1

I am confused about the theoretical framework of reinforcement learning. For supervised learning, there seems to be a clear theoretical framework, e.g. as described by Wikipedia here. I am unclear about a similar framework for RL.

It seems that MDPs are baked into typical introduction to RL courses and theoretical descriptions of RL in the literature. However, certain problems that are also considered under RL don't seem to fit this: the multi-arm bandit problem, for example (or more practically, maybe RLHF), is often considered as a RL problem but doesn't fit the MDP model well (although I guess they can be modeled as a MDP with just 1 timestep); some RL problems, like 2-player games, don't seem to be able to be modeled under the typical RL MDP setup at all.

Is there a theoretical RL framework that encapsulates everything?

nbro
  • 42,615
  • 12
  • 119
  • 217
Joe C.
  • 111
  • 3

3 Answers3

2

RL is not limited to MDPs, but standard textbooks will probably start with that because the most common RL algorithms (like Q-learning) assume an MDP. So, an MDP is just a way to model the environment. RL is the way you learn in that environment and RL is just a trial-and-error approach to learning, where you get feedback (reinforcement) for your actions, but you can also solve MDPs with dynamic programming (see policy iteration).

You can model multi-agent systems with Markov Games (aka Stochastic Games), which are a simple generalisation of MDPs. See my blog post.

There are also other models, like POMDPs, which are a generalisation of MDPs for other scenarios, in this case, partially observable environments, i.e. you don't know exactly the state you're in.

So, you can model your problem in different ways. Some problems may be modelled with MDPs, but the states may not be really fully observable, it's just an approximation. Sometimes it works. Take a look at the original DQN paper, where they tried to approximate states with a sequence of images.

Anyway, you may be interested in multi-agent RL. This book looks good, but I only skimmed through it.

nbro
  • 42,615
  • 12
  • 119
  • 217
1

Multi-armed bandits are MDPs composed of a single timestep and a single state, so they indeed fit the RL formulation, though it allows for more general settings.

RL does not deal (naively) with multi-agent settings, but it can be used to approximate solutions. However, in such settings, you usually back the approach using Markov Games, Decentralized POMDPs or Mean Field Games, instead of MDPs

Alberto
  • 2,863
  • 5
  • 12
1

MDPs do an excellent job of modeling most problems.

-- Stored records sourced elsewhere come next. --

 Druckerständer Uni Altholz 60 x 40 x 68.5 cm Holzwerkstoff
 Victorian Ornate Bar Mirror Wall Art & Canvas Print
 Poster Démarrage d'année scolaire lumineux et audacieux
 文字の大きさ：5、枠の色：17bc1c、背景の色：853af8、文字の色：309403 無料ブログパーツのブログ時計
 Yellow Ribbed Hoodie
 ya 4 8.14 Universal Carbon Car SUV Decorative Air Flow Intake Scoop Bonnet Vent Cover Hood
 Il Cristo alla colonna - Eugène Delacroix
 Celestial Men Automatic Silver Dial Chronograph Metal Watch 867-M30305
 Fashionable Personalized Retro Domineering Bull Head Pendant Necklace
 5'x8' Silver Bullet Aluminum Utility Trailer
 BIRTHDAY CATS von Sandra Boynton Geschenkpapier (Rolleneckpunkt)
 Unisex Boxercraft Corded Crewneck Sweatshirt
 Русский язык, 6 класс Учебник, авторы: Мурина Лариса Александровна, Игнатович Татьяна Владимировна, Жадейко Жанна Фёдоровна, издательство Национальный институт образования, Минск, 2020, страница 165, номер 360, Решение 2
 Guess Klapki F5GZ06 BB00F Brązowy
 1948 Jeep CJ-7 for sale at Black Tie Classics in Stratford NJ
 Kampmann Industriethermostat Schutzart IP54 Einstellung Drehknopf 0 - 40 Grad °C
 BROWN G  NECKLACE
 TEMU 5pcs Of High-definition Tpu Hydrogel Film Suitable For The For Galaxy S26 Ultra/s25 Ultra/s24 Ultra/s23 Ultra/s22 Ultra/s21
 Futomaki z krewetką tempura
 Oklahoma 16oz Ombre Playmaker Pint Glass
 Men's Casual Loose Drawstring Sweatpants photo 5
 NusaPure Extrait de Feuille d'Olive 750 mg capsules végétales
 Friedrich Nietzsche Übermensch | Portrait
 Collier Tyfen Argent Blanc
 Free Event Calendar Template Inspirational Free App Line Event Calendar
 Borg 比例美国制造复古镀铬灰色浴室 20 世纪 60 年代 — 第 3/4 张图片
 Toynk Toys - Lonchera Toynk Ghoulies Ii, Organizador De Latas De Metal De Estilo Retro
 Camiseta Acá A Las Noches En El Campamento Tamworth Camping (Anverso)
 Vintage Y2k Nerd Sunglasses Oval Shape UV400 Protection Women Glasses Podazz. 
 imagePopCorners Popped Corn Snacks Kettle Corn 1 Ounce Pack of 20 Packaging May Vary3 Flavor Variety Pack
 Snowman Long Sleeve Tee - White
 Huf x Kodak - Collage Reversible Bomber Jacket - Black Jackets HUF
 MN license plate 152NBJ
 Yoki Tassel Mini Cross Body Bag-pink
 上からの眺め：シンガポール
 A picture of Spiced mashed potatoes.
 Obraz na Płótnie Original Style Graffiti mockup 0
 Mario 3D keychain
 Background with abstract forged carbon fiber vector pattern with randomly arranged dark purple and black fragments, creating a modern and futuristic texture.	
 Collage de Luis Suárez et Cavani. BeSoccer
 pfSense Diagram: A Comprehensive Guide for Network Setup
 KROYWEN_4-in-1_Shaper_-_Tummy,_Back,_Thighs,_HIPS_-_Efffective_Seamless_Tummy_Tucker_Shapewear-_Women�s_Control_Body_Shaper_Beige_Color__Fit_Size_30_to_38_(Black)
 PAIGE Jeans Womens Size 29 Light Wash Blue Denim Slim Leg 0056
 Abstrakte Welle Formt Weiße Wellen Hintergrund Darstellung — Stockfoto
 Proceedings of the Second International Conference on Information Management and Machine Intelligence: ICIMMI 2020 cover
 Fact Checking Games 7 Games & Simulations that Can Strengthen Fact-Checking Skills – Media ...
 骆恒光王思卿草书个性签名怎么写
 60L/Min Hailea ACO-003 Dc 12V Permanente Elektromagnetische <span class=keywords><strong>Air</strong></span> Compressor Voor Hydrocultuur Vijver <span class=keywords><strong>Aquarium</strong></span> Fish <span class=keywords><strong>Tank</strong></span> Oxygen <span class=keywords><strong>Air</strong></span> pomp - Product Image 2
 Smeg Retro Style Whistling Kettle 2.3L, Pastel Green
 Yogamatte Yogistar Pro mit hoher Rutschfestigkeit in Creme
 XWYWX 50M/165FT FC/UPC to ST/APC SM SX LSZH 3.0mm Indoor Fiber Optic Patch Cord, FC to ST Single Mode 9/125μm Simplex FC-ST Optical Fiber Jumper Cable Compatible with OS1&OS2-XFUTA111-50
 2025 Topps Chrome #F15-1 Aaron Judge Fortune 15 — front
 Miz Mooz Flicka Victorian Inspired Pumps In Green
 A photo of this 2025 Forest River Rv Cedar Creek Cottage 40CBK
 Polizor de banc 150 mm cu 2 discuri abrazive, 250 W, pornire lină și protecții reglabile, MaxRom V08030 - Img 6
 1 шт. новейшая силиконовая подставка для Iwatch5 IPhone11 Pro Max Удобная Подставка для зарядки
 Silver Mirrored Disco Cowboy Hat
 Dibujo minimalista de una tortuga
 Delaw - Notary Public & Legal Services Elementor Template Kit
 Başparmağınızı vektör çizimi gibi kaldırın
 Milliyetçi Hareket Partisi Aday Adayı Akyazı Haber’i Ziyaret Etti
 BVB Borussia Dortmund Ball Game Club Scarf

One-arm bandits are MDPs with a single state, and every action returns to that state. The natural extension contextual bandits have multiple states chosen stochastically by the bandit and look even more like MDPs.

Similar to a contextual bandit, multi-player games can often be modeled as an MDP in which the player has limited control of the next state. For a player, the other players exist in the transitions. The player chooses an action, and the other players determine the resulting state. In an MDP, this looks like a probability of transitioning to each resulting state.

Our hope in RL is that the input can somehow help an agent maximize its reward in an environment. MDPs can be a convenient way to consider how this might happen, but they are not required.

foreverska
  • 2,347
  • 4
  • 21